Anyone who has not been hiding in a cave lately has watched the Malaysian plane crash families suffering after learning that their loved ones perished. And found out about the firemen who died in Boston trying to save lives. And who knows how many people are buried alive in landslides out west. As much as we hear about and visualize horrible scenes, before long we go about our daily lives while the surviving spouses, significant others and the families of those innocently killed must try and continue on in this world without their loved ones. The newspapers and media don’t spend any real time following up with these families and so one might wonder how they are doing over time. We see short and long term reactions here in our day-to-day business, when we take care of families who have lost someone because of another’s reckless, intentional or careless acts. Just recently I lost a very close friend who was killed on his bike because of another’s careless driving. I saw on the spot the direct impact and horribleness of it all. Because he was a very dear friend, I too have grief and am suffering.

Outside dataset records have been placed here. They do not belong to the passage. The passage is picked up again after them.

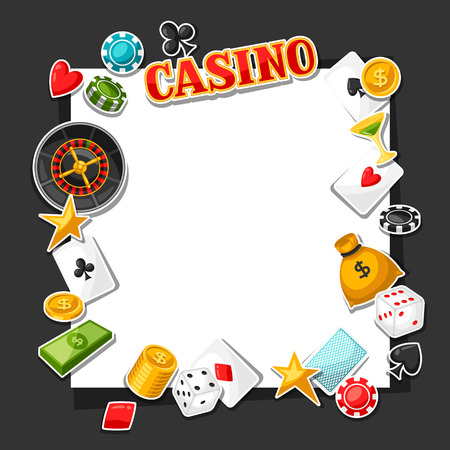 Casino gambling background design with game sticker objects.のイラスト素材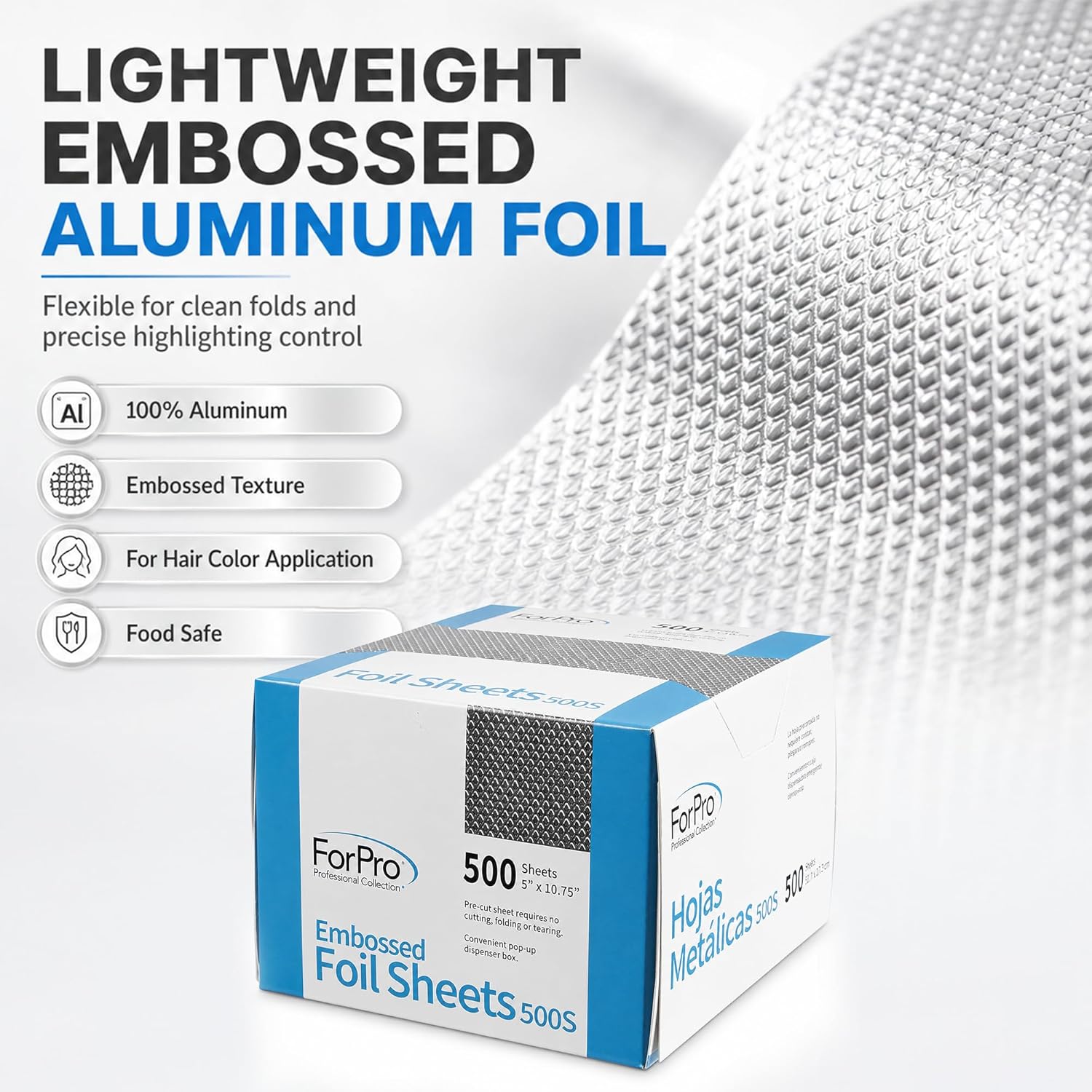 ForPro Professional Embossed Pop-Up Hair Foil Sheets for Salon Hair Color & Highlights, Pre-Cut Aluminum Foils, Non-Slip Embossed Texture, 5" W x 10.75" L, 500-Count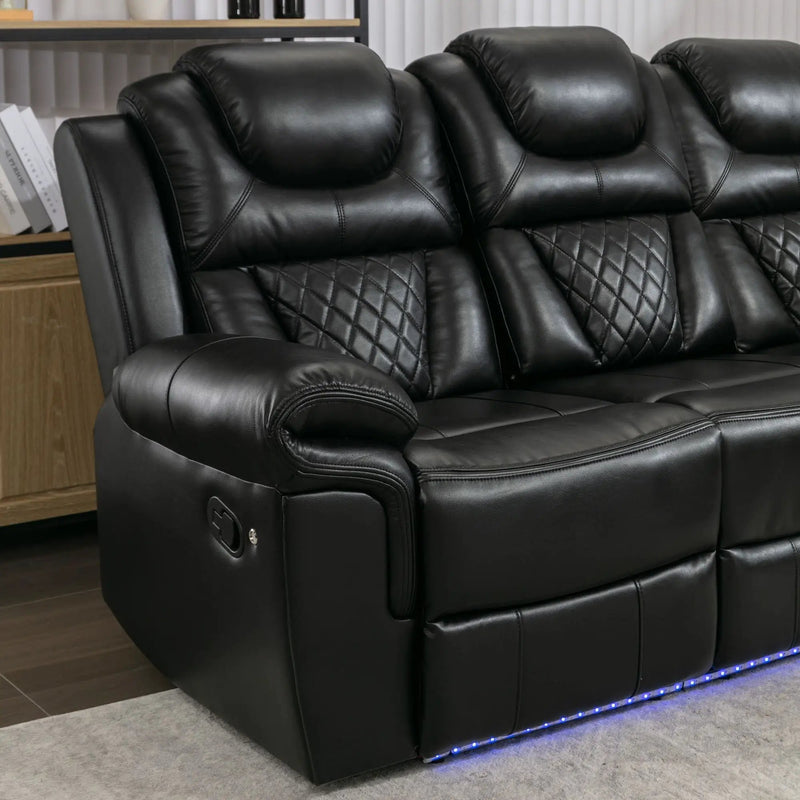 Home Theater Seating Manual Recliner Chair With Center Console And Led Light Strip For Living Room by HouseOfZazla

So, what is the proper way to grief? What is the right way? Said differently, is there a wrong way? It is now accepted socially that the grief experience is different for each person. There is no right or wrong. There are numerous physical reactions such as the lack of desire to eat or perhaps one wants to over-eat. One may not sleep or get headaches or stomach problems. The chest may get heavy. One may hallucinate or panic or become more nervous or lose complete energy. Sadness and depression can set in. Forgetfulness and mood swings are yet other reactions that are “normal.” There can be anger, guilt, inability to concentrate or make decisions, feelings of emptiness or being cheated, fear of what will happen next, and questions as to why did the event happen.
For the first 24-48 hours it is important to be good to yourself. It is OK to tell and re-tell what happened and keep a journal. Spend time with others and walk 20-30 minutes a day if possible. Rest and sleep are crucial. Don’t make any big life changes. One might want to start drinking or take too many drugs so be careful there. It is all right to cry. Ask for help, that is fine. Grieving takes time and patience is important.
Our hearts go out to those who are trying to contend with major losses in their lives. Surviving the absence of a loved one is extremely difficult and in some sense one is never the same even though life goes on. If you need counseling, then get it. There is nothing wrong with getting help and expressing oneself.